Godot game engine logo
Image: Godot Engine / Wikimedia Commons

This is not the first sign of Apple inching toward Godot. The engine has been quietly turning into the best open-source XR engine going, and the platform holders have noticed. What changed at WWDC is that the support is now official, shipped, and public.

Why Open Plugins Matter

Here is the thing about engine plugins on GitHub: they are forkable. When Apple ships a Godot spatial plugin to a public repo, the community can read it, extend it, file issues against it, and adapt it for cases Apple never imagined. That is a fundamentally different relationship than a closed SDK you can only consume exactly as delivered. It invites the same community iteration that has pushed the open spatial web forward faster than any single company could manage alone.
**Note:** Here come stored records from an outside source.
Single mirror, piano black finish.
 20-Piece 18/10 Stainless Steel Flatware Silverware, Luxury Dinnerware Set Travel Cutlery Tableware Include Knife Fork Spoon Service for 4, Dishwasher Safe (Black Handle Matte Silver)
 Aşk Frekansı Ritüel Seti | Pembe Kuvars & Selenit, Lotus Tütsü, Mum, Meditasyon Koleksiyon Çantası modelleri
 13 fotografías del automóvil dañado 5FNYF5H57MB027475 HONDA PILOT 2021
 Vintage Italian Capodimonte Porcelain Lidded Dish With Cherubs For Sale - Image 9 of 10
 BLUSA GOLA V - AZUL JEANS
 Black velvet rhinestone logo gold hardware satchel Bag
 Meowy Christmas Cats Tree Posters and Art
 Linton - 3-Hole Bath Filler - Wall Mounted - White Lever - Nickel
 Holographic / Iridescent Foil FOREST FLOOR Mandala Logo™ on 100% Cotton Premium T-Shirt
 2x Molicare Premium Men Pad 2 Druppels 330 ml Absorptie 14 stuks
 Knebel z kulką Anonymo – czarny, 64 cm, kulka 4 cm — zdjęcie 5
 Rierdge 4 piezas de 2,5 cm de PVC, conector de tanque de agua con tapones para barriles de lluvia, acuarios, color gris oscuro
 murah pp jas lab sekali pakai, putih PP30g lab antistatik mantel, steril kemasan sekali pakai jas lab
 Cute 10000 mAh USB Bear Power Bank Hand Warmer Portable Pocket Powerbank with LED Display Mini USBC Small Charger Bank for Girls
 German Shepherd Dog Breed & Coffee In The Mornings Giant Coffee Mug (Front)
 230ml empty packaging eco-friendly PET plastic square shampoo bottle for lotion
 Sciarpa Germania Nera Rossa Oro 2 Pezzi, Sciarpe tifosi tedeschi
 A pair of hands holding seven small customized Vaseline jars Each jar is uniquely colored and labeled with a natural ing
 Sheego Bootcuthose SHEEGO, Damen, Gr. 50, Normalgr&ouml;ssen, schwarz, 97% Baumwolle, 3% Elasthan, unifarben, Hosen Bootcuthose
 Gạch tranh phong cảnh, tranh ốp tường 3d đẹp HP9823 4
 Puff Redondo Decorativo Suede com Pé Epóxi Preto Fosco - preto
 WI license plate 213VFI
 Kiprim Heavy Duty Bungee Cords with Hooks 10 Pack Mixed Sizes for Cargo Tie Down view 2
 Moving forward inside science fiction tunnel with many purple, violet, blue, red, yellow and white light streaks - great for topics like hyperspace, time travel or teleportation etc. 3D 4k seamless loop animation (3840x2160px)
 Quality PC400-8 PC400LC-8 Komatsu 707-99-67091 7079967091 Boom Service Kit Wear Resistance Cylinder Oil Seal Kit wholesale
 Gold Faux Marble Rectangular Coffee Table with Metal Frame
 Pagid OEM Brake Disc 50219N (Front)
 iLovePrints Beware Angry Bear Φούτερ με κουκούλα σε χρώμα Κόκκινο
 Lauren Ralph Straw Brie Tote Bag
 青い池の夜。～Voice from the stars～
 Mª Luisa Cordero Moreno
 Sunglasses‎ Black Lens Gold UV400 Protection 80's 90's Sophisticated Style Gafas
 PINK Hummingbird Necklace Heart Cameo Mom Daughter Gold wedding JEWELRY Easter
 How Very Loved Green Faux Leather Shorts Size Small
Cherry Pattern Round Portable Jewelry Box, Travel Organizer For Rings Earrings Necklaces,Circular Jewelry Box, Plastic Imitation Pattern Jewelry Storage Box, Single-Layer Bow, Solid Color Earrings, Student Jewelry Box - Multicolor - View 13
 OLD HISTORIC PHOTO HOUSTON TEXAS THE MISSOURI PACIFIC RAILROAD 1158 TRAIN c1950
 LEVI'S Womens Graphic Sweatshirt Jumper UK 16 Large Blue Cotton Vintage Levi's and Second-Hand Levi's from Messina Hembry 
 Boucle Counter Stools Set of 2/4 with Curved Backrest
Colorful syntax-highlighted source code on a dark screen, representing the open plugins Apple published on GitHub
Image: Wikimedia Commons

It also lowers the barrier for exactly the developers Vision Pro needs most. The platform does not have a content gap because the hardware is bad. It has a content gap because building for it has been expensive and tied to Apple's native stack. Meeting Unity, Unreal, and Godot developers where they already work, with open plugins they can drop into an existing project, is how you get more apps from people who were never going to rewrite their pipeline from scratch.

The Quiet Pattern

Step back and a pattern shows up across the whole industry this year. Meta has been putting agentic developer tools and open web SDKs on GitHub, and Google built its vibe-coding XR experiments on an open framework. Now Apple, the most famously closed of the three, is publishing spatial engine plugins and officially backing a community engine. The platform holders have all worked out the same thing: the real constraint on spatial computing is not hardware, and it is not even users. It is the number of developers who can realistically ship something good, and the fastest way to grow that number is to stop making them fight your tools.

visionOS 27 is in developer beta now and ships this fall. The plugins are on GitHub today. If you have been curious about building for Vision Pro from Unity, Unreal, or Godot, this is the most open that door has ever been.